* [Exercise]: Using the records below, quote only the span that opens with the line containing "Καζακστάν: Μητέρα σκοτώθηκε" and closes with the line containing "119 Kylie St - Photo 4 of 12", exactly and inclusively.

○ ○ ○

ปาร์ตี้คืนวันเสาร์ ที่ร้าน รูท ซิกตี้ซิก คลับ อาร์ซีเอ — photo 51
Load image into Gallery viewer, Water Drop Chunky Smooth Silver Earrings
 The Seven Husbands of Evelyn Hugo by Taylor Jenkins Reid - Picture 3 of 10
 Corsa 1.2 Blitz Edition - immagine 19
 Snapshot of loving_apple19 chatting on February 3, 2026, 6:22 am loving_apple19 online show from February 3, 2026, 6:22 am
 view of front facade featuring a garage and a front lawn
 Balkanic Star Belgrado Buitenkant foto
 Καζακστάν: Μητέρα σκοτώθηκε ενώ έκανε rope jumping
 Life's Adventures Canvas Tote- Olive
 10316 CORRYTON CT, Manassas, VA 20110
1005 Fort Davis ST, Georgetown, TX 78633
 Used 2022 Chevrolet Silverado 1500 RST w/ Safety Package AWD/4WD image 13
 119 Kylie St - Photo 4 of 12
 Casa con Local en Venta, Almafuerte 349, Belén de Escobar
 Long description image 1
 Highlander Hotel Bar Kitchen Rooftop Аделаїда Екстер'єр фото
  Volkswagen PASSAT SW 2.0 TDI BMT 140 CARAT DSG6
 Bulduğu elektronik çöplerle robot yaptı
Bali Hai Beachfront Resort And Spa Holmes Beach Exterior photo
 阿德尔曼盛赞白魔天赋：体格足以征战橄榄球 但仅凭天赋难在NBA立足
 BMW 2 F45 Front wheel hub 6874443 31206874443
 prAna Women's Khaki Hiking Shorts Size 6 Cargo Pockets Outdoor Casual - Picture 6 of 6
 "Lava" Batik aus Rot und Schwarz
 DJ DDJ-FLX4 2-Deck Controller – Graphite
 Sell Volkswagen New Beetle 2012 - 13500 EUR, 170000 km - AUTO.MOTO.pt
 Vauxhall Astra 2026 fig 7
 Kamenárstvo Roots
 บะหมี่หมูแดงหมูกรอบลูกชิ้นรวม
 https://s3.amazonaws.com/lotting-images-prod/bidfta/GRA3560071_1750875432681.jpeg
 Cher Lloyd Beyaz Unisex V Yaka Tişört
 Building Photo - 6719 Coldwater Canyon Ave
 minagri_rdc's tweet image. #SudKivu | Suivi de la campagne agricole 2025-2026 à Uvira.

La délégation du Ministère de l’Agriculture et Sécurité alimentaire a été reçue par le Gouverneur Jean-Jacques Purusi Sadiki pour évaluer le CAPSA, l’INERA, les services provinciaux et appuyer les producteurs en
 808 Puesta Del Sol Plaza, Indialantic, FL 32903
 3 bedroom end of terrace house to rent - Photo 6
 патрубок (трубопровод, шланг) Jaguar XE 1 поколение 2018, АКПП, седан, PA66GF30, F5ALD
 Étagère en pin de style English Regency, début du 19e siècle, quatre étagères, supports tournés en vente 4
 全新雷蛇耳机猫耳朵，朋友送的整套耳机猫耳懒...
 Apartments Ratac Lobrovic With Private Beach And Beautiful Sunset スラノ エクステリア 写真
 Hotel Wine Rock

○ ○ ○

* [Reply]:
 Καζακστάν: Μητέρα σκοτώθηκε ενώ έκανε rope jumping
 Life's Adventures Canvas Tote- Olive
 10316 CORRYTON CT, Manassas, VA 20110
1005 Fort Davis ST, Georgetown, TX 78633
 Used 2022 Chevrolet Silverado 1500 RST w/ Safety Package AWD/4WD image 13
 119 Kylie St - Photo 4 of 12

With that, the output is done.